She was silent for a moment. I could see she was in a corner--I felt an
awful brute but I had said it all quite naturally as any employer would
who was quite unaware that there could be any reluctance to give the
information, and I felt it was better to continue in this strain not to
render her suspicious.

After a second or two she gave the number of a stationer's shop in the
Avenue Mosart--.

"I pass there every day," she said.

I thanked her--.

"I hope you did not hurry back to your work--I can't bear to think that
perhaps you would have wished to remain at home now."

"No, it does not matter"--There was an infinite weariness in her
tone--A hopeless flatness I had never heard before, it moved me so that
I blurted out--.

"Oh! I have felt so anxious, and so sorry--I saw you in the _Bois_ two
Sundays ago in the thunder storm, and I tried to get near the path I
thought you would cross to offer you the carriage to return in, but I
missed you--Perhaps your little brother caught cold then?"

There was a sob in her voice--.

"Yes--will you--would you mind if we just did not speak of anything but
began work."

"Forgive me--I only want you to know that I'm so awfully sorry--and Oh,
if there was anything in the world I could do for you--would you not let
me?"

"I appreciate your wish--it is kind of you--but there is nothing--You
were going to begin the last chapter over again--Here is the old one--I
will take off my hat while you look at it," and she handed it to me.

Of course I could not say anything more--I had had a big bunch of
violets put on the table where she types, in Burton's room
adoining--they were the first forced ones which could be got in
Paris--and I had slipped a card by them with just "my sympathy" on it.

When she came back into the room hatless, her cheeks were bright pink
below the glasses--and all she said was "Thank you" and then I saw a
little streak of wet trickle from under the horn rims.
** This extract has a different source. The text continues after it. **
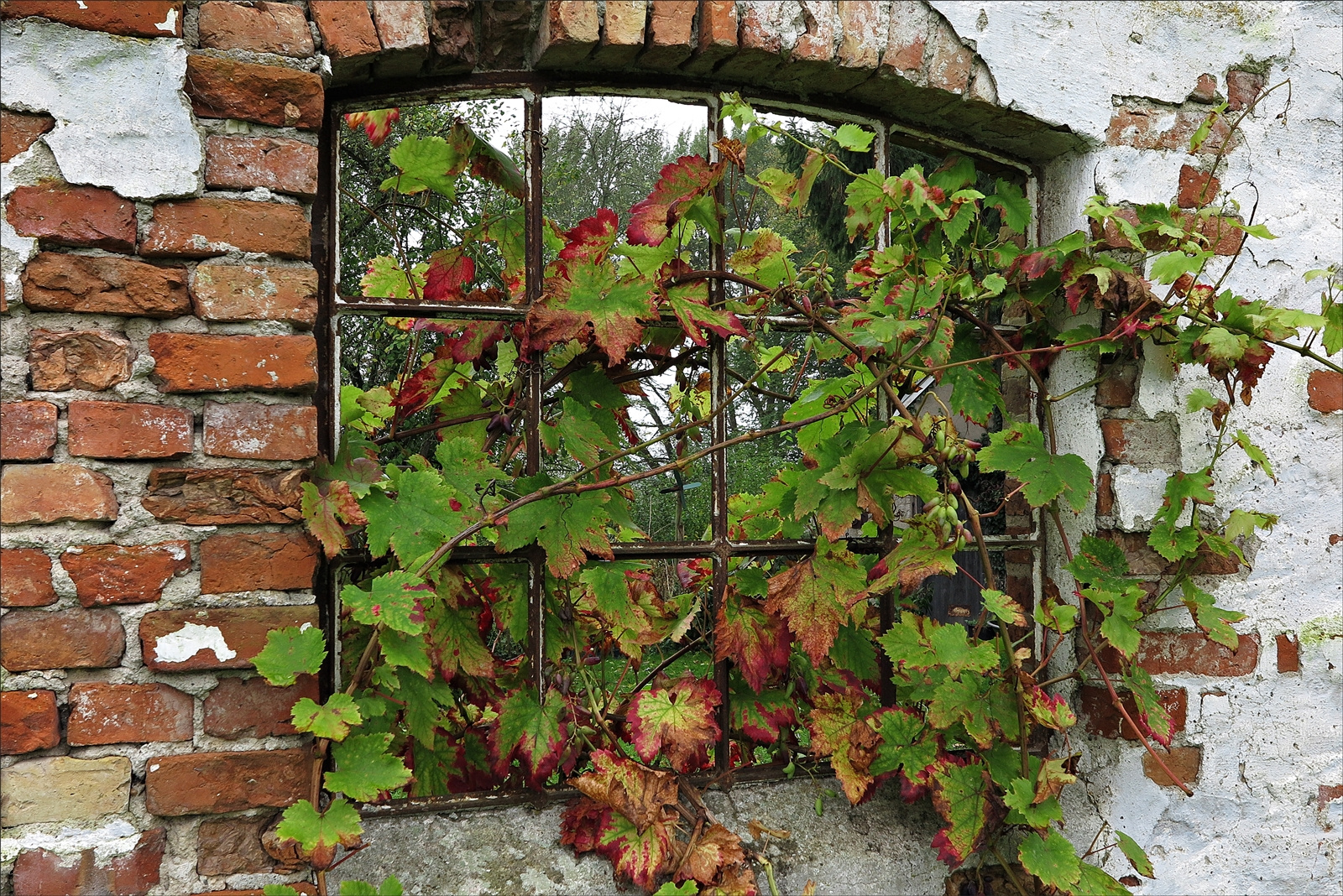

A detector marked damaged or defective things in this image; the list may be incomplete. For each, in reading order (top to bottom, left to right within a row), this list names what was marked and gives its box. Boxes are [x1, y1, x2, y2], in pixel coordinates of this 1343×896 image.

rusty metal window frame [316, 78, 1048, 820]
I have never had
such a temptation in my life--to stretch out my arms and cry "Darling
one, let me comfort you, here clasped close to me!"--I longed to touch
her--to express somehow that I felt profoundly for her grief.--

"Miss Sharp--" I did burst out--"I am not saying anything because I know
you don't want me to--but it is not because I do not
feel--I'm--I'm--awfully sorry--May not I perhaps send some roses
to--your home--or, perhaps there is someone there who would like
them--flowers are such jolly things!"--Then I felt the awfully ill
chosen word "jolly" was--but I could not alter it.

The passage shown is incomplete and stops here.